Data section
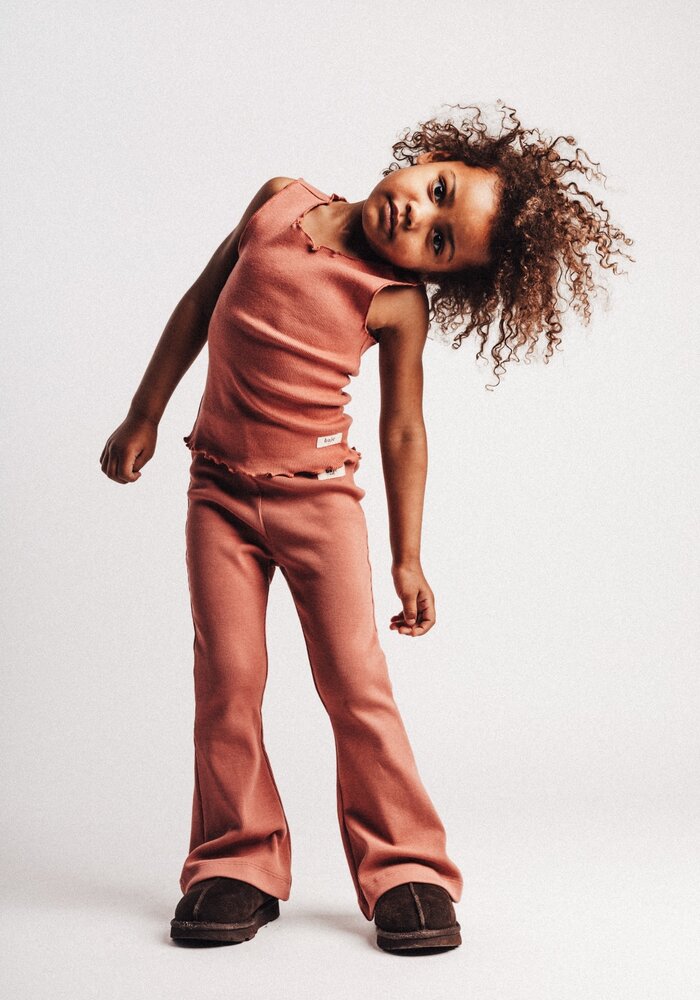 Baje Studio Jutia Red mahagony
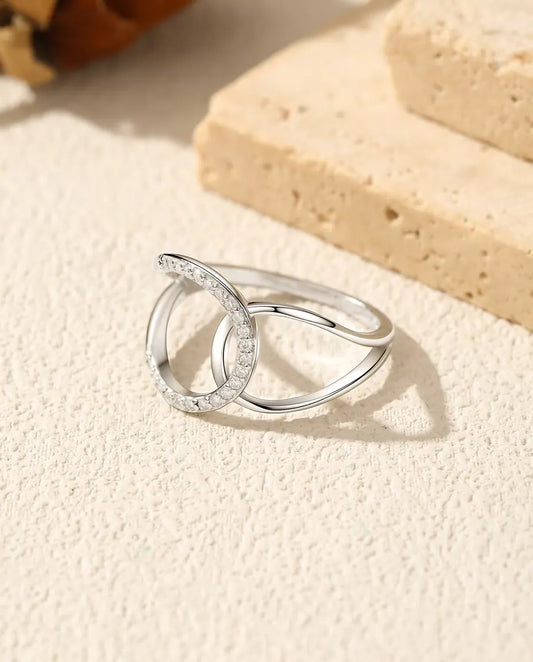 Interlocking Circle Ring in 925 Sterling Silver - seen at an angle, showing the band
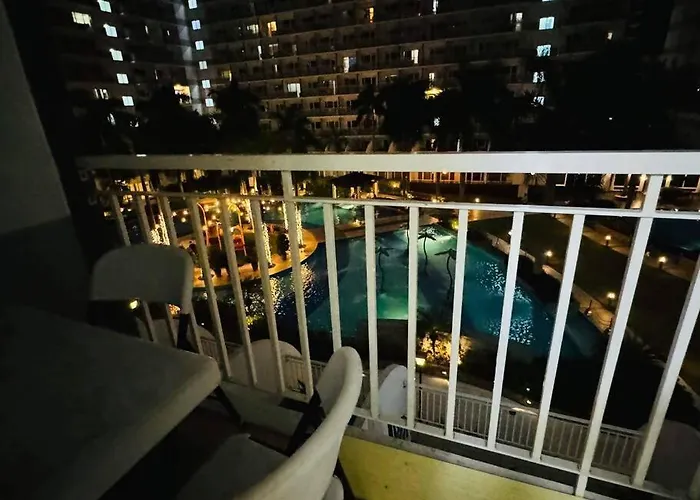 Shell C23 Shortwalk Moa Balcony Poolview *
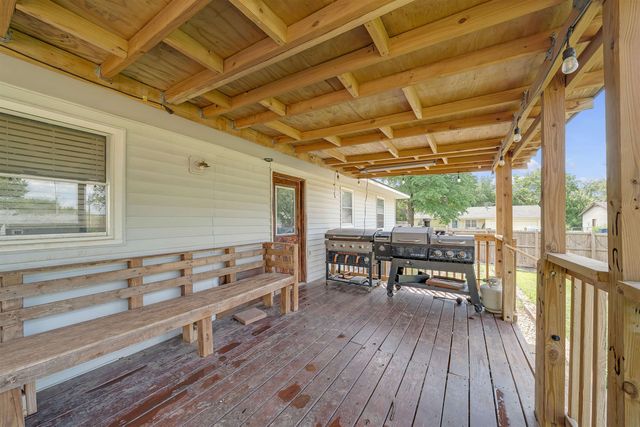 1401 Mundell Dr, Mulvane, KS 67110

Exercise aim
Leave the images out. Set down all of the material above exactly.

Response to this exercise
 Baje Studio Jutia Red mahagony
 Interlocking Circle Ring in 925 Sterling Silver - seen at an angle, showing the band
 Shell C23 Shortwalk Moa Balcony Poolview *
 1401 Mundell Dr, Mulvane, KS 67110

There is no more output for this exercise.